### DATA EXTRACT
━━━━

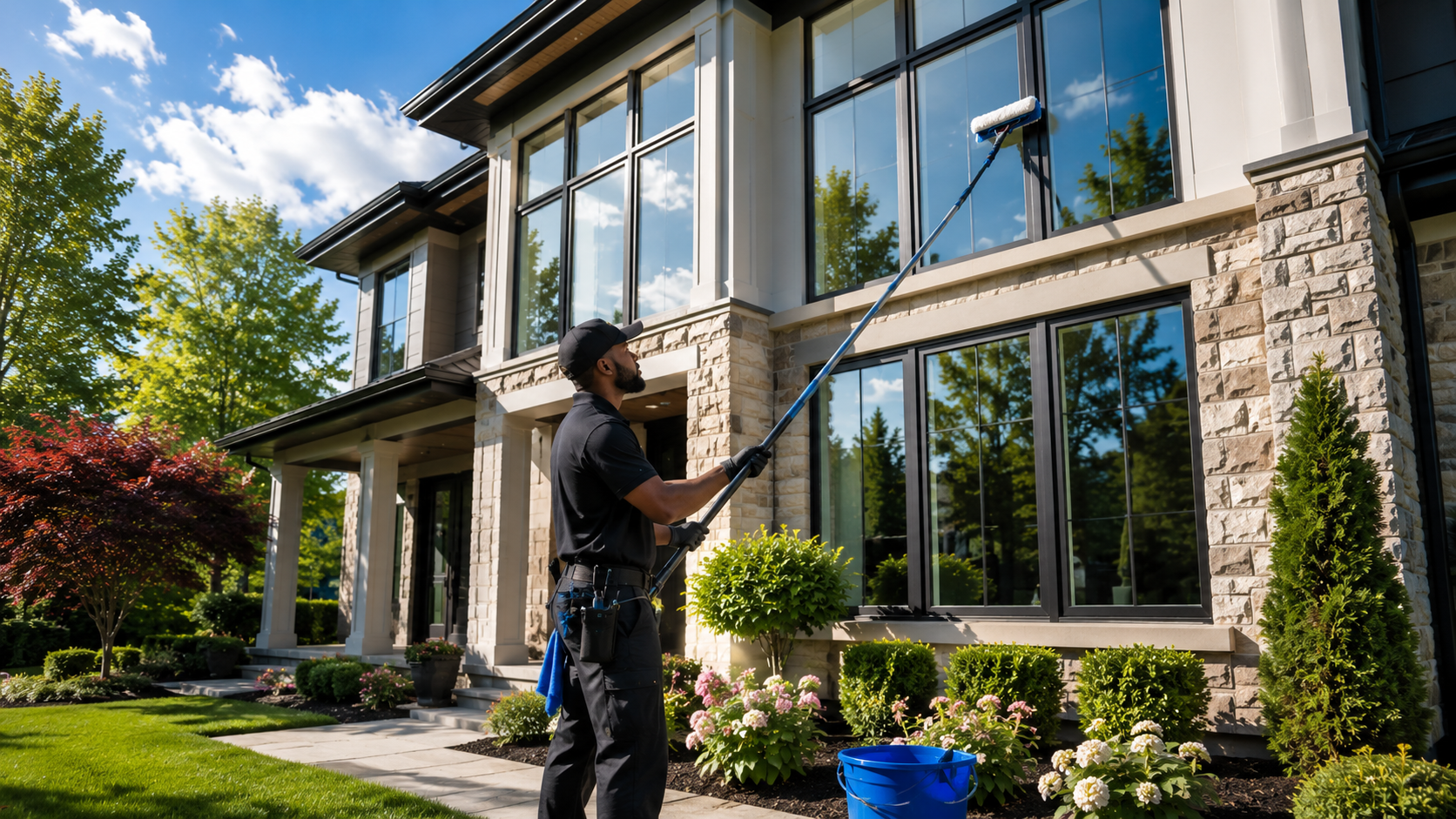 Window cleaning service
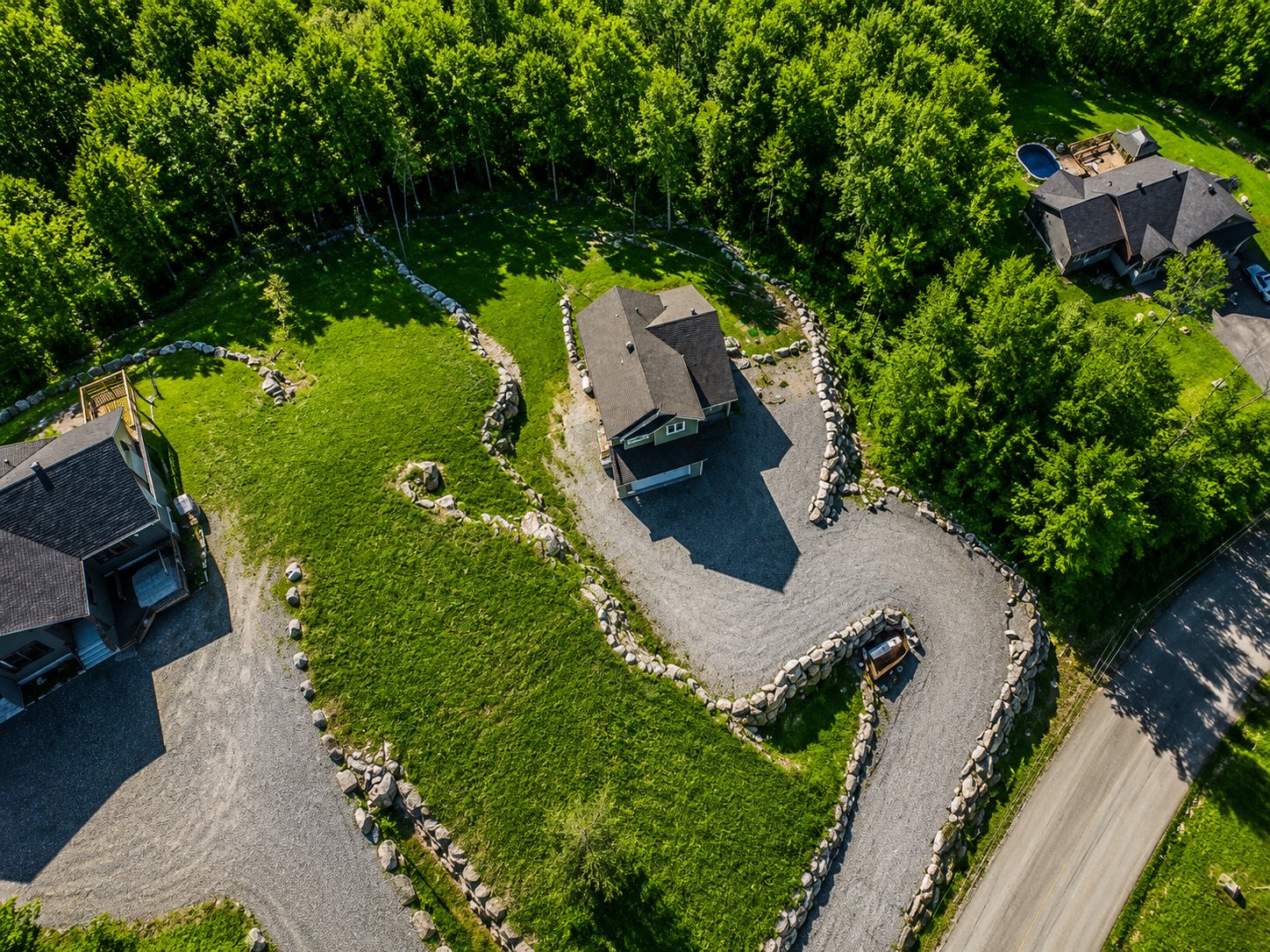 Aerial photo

━━━━

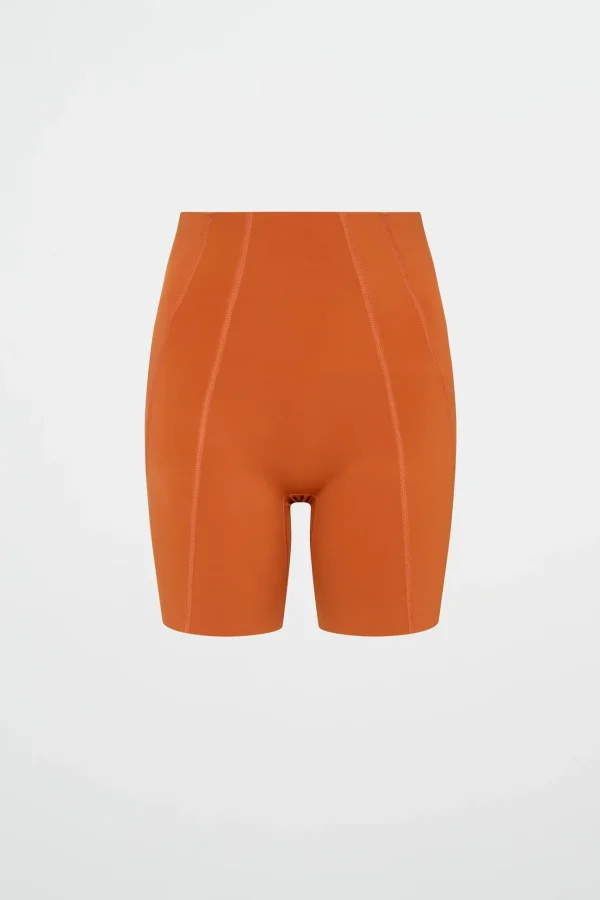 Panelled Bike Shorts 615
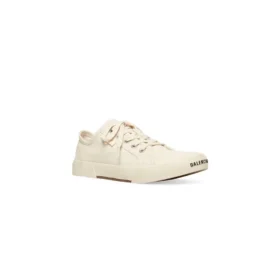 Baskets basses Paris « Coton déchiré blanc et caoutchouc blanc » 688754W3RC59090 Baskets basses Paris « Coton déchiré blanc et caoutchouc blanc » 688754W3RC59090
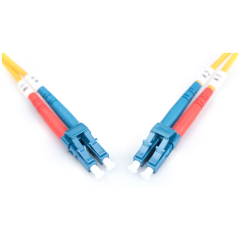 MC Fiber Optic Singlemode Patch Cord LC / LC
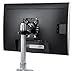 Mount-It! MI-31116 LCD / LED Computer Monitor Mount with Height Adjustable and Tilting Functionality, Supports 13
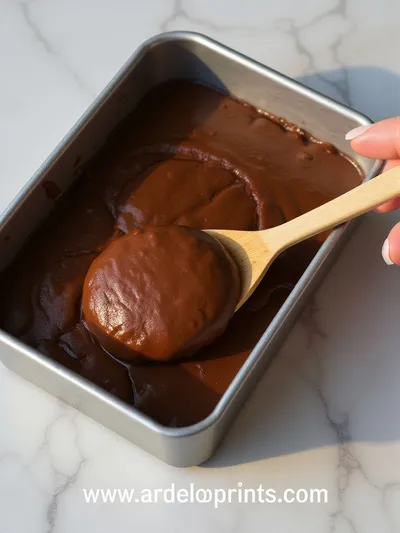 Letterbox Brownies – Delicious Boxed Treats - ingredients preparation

━━━━

### ACTIVITY
Given the listing above, retype only the span of lines from the line with "Panelled Bike Shorts 615" up to and including the line with "Letterbox Brownies –", exactly as it stands and without pictures.

### RESULT OF THIS TASK
 Panelled Bike Shorts 615
 Baskets basses Paris « Coton déchiré blanc et caoutchouc blanc » 688754W3RC59090 Baskets basses Paris « Coton déchiré blanc et caoutchouc blanc » 688754W3RC59090
 MC Fiber Optic Singlemode Patch Cord LC / LC
 Mount-It! MI-31116 LCD / LED Computer Monitor Mount with Height Adjustable and Tilting Functionality, Supports 13
 Letterbox Brownies – Delicious Boxed Treats - ingredients preparation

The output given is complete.